Syria’s civil war was chief among them. Sitting stiffly in side-by-side chairs, Obama and Putin each indicated that they still disagree over the preferred outcome of the war, including on the future of President Bashar al-Assad and the goals of the armed rebellion.
“Our opinions do not coincide,” Putin said. “But all of us have the intention to stop the violence in Syria.”
Obama, speaking next, confirmed that “we do have differing perspectives” on the war and how to resolve it through negotiations that have yet to take shape.
Obama has demanded that Assad relinquish power as part of any negotiated peace settlement, a condition Putin rejects. Russia is Assad’s principal weapons supplier, and the Obama administration is about to begin arming rebels on the other side of the civil war that has killed an estimated 93,000 people over the past two years, according to U.N. estimates.
Little is known about some of the groups fighting Assad. There have been reports, supported by video, of atrocities carried out by some rebel factions.
France and the United Kingdom, though, successfully sought to lift an European embargo on arms deliveries to the rebels. Obama, after months of deliberation, has decided to supply light weapons and ammunition to opposition forces.
But Putin warned that the move was dangerous, saying after a meeting Sunday with British Prime Minister David Cameron that arming the rebels “has little relation to humanitarian values that have been preached in Europe for hundreds of years.”
Western diplomats had given Obama little chance of changing Putin’s opinion on Syria here.
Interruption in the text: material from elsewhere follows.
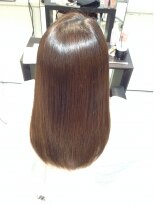 フォルテ 中田店 【FORTE中田店】プラチナシステム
But his inability to do so still posed an early setback for Obama on a three-day swing through Europe, his first to the continent since 2011.
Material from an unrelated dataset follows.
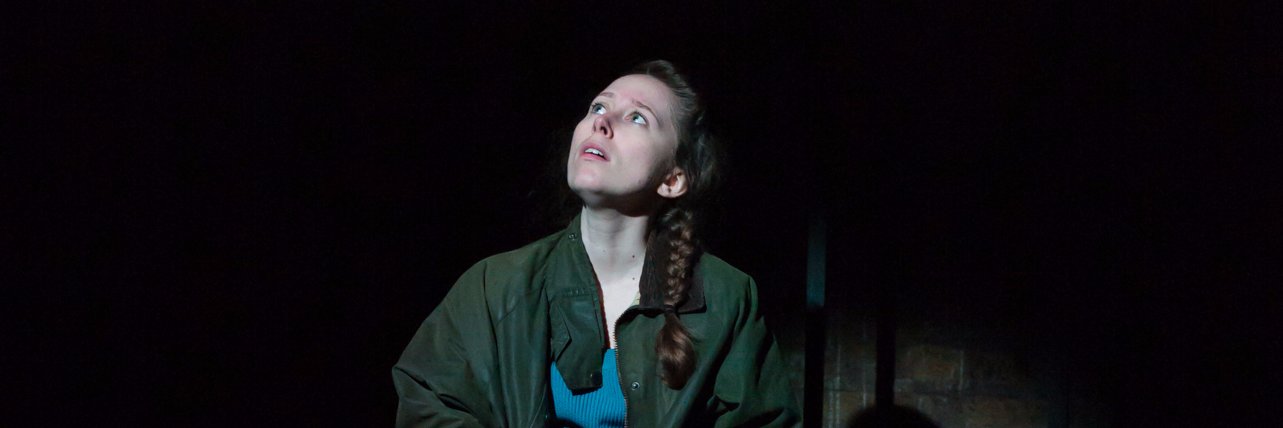 EJCrosswell's profile banner image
This time he is facing rising skepticism in Europe over his expansion of drone warfare, recent disclosures about the National Security Agency’s vast data-collecting efforts and his delay in more aggressively supporting Syria’s beleaguered rebel forces.
Obama began meeting near this picturesque town Monday with G-8 leaders, hoping to mend fences and achieve a broader international consensus on how to improve the lagging global economy.
Hours before the summit, Obama and European leaders announced the start of negotiations to forge a new trade agreement between the United States and the 27-nation European bloc.
The Transatlantic Trade and Investment Partnership would create what Cameron called “the biggest bilateral trade deal in history,” although talks are expected to be complicated despite urgency on both sides of the Atlantic to boost economic growth. The first round of negotiations will be held next month in Washington.
“There are going to be sensitivities on both sides, there are going to be politics on both sides,” Obama said. “But I’m confident we can get it done.”
Shadowing the summit’s start Monday were new revelations that British and U.S. spy agencies monitored the e-mails and phone calls of foreign dignitaries at two international summits in London in 2009.
The Guardian newspaper, citing documents it received from former National Security Agency contractor Edward J. Snowden, revealed the spying as the G-8 leaders gathered at the Lough Erne resort for a day and half of meetings.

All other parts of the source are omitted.